Recently a major 2003 Guantanamo Standard Operating Procedures [SOP] manual was posted on the wikileaks web site. Ignored by most major sources for a week, Reuters, has picked up on the leak Thursday (Nov 15) and the New York Times on Friday (Nov 16). This has lead to among other things an interesting article in Harper's Weekly attacking the APA:
Of all the major professional organizations addressing the torture and prisoner abuse issue, one has an unbroken record of clear ethical evasion. It has adopted a new professional mantra, it seems: hear no evil, see no evil, speak no evil.Also of interest in this extensive and detailed article regarding the impact this is having on the APA (Page 1, Page 2.) entitled "APA On the Road to Damascus?". It seems that the APA is struggling with the practical application of the concepts of ethics and Human Rights vs the short term profits in their political ties.
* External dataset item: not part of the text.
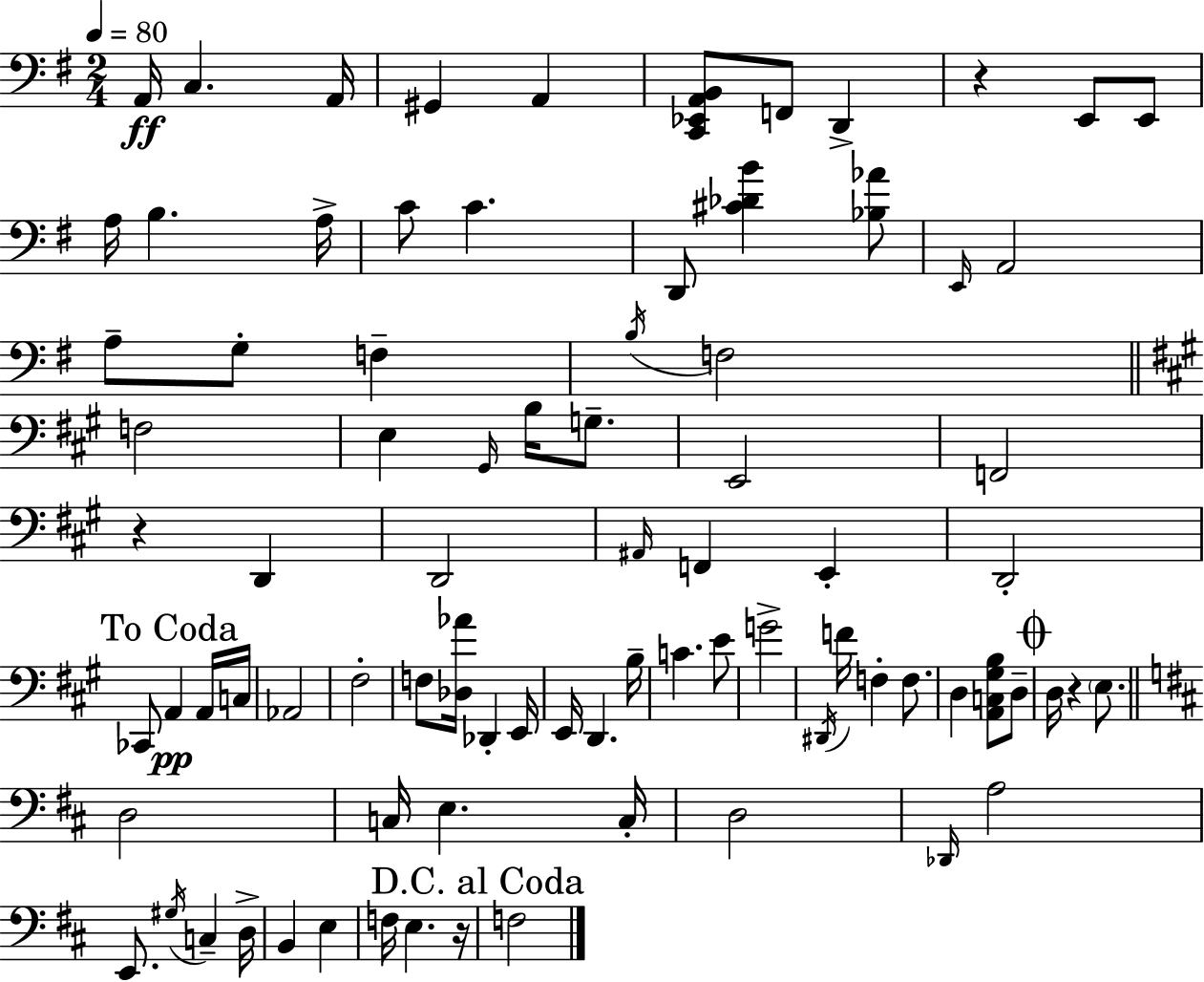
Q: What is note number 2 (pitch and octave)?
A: C3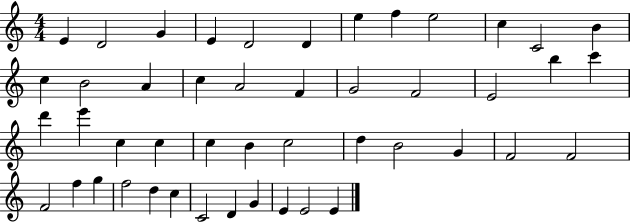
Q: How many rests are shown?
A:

Just a few days ago Major General Geoffrey Miller’s operations manual for Guantánamo was posted on the internet. It got a lot of attention because it contained provisions making clear that certain detainees were not to be identified to or permitted access to the Red Cross. That was, of course, a criminal act. And why was the Red Cross being kept away? The circumstances make the answer to that question readily apparent: they were being tortured, and the Bush Administration was extremely eager to conceal that fact as long as it could.
But this manual contains a number of less dramatic, but still extremely important disclosures. And among them is the use of isolation and sensory deprivation techniques as a means of “preparing” detainees. It’s been clear for some time that the CIA favors this over the truly “rough stuff.” And legal scholars and ethicists have also been clear that these practices may also constitute torture over sustained periods, and certainly constitute cruel, inhuman and degrading treatment.
Now psychologist Dr. Stephen Soldz has taken a close look at the manual, and applied it retroactively to the debate inside of the American Psychological Association. And it provides further information suggesting that the organization’s leadership, which is filled with individuals with unmistakable financial and business ties to the U.S. Government, has misled the membership in an effort to protect the Bush Administration and its torture practices.
[extensive quote from Dr. Steven Soldz, link to original article here]
And how did all of this play within the APA? As Soldz notes, it is now apparent that from the outset of the debate the APA leadership pursued a strategy of protecting the actual techniques of abuse which were being used in Guantánamo. And we have specific reason to believe that some in the APA leadership had actual knowledge of those techniques.
The leadership pursued its plan by involving a key military officer who was probably an author of these processes as its voice in presenting the matter.
This information has erased any doubt as to the role played by the APA throughout this process. The APA alone among all professional organizations dealing with the issue has provided cover to the Bush Administration’s program of torture and official cruelty. It is an abettor of the procedures adopted and used, not a professional organization exercising detached and objective ethical oversight of its members. It has brought the reputation of psychologists in America down several pegs. And it has a lot of explaining to do–both to its members, and to the public as a whole.